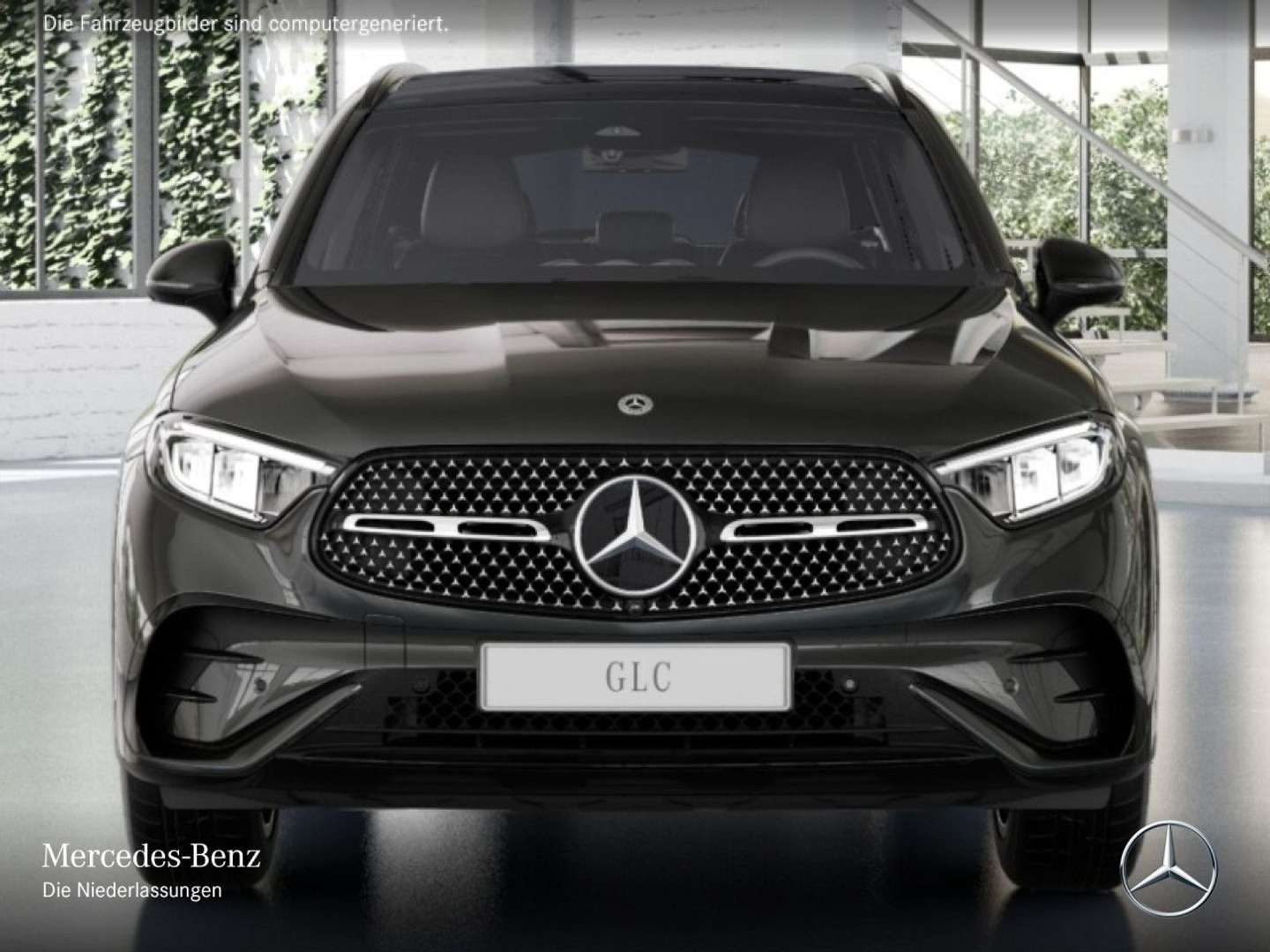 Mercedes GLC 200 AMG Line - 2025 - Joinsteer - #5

* * * * *

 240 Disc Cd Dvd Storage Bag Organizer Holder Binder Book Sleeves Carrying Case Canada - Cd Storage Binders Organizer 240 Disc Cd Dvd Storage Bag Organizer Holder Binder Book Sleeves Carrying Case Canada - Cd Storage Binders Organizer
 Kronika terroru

* * * * *

◆ TO DO: Copy out, exactly and alone, the lines of the entries above between the ones holding "Binders Organizer 240" and "Kronika terroru", inclusive.

◆ OUTPUT OF THE TASK:
 240 Disc Cd Dvd Storage Bag Organizer Holder Binder Book Sleeves Carrying Case Canada - Cd Storage Binders Organizer 240 Disc Cd Dvd Storage Bag Organizer Holder Binder Book Sleeves Carrying Case Canada - Cd Storage Binders Organizer
 Kronika terroru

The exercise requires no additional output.